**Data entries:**
• • • • •

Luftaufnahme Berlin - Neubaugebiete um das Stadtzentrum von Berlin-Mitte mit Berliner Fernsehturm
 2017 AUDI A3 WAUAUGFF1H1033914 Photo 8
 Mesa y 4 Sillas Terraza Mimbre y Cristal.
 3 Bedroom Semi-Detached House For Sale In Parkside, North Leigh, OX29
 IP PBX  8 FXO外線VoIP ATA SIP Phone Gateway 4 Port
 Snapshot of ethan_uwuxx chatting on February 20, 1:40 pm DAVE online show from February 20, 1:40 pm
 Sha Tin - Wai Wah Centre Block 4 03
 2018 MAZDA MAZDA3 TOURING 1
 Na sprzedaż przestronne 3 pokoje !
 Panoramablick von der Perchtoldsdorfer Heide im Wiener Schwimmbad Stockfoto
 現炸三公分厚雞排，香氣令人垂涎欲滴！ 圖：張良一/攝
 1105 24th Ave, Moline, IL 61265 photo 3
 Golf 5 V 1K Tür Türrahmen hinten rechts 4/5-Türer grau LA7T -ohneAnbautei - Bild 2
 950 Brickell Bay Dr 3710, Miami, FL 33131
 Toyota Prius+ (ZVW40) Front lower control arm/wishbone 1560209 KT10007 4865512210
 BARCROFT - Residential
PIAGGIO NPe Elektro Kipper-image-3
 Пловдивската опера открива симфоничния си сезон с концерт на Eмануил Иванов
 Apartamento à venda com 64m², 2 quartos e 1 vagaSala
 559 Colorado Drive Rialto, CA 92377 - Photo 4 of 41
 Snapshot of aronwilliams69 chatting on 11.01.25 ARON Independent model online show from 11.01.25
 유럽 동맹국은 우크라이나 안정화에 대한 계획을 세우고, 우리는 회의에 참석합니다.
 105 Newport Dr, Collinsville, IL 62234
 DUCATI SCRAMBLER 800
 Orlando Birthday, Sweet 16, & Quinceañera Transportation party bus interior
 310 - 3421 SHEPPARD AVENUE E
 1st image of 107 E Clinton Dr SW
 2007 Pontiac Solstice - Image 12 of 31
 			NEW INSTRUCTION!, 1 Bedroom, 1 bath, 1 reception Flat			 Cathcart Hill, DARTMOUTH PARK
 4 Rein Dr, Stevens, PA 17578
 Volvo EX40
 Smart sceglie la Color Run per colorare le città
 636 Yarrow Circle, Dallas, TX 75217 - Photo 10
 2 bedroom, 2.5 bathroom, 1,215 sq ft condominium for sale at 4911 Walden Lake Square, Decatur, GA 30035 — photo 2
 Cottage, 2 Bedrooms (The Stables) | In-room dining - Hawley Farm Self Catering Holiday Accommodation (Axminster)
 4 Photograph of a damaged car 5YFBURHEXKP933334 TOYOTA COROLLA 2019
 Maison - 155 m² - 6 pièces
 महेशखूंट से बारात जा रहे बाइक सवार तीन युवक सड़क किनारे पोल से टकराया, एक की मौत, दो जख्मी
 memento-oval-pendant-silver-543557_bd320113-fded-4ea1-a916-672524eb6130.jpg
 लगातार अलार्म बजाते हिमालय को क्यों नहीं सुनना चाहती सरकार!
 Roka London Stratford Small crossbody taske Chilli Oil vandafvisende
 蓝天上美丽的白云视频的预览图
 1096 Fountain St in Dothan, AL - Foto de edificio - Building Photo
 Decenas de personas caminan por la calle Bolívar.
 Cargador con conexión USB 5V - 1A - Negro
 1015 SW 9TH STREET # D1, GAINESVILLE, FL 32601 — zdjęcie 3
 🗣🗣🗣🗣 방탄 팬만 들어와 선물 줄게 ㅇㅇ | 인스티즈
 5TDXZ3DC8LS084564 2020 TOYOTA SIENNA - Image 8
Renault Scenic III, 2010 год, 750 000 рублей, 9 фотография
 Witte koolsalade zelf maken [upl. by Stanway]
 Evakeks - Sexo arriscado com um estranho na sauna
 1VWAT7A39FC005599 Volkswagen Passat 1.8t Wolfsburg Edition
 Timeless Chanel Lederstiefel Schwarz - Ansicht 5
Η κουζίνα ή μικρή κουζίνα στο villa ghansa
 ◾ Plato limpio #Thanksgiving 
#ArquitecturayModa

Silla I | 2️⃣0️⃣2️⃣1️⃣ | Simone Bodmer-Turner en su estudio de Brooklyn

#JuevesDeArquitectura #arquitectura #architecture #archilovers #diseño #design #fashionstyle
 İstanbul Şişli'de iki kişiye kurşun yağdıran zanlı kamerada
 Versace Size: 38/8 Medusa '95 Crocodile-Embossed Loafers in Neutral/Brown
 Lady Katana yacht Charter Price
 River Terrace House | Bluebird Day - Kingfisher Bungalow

• • • • •

**Exercise details:**
Transcribe, word for word, the data above from its first line through the line with "3 Bedroom Semi-Detached", and include nothing else.

**Exercise result:**
Luftaufnahme Berlin - Neubaugebiete um das Stadtzentrum von Berlin-Mitte mit Berliner Fernsehturm
 2017 AUDI A3 WAUAUGFF1H1033914 Photo 8
 Mesa y 4 Sillas Terraza Mimbre y Cristal.
 3 Bedroom Semi-Detached House For Sale In Parkside, North Leigh, OX29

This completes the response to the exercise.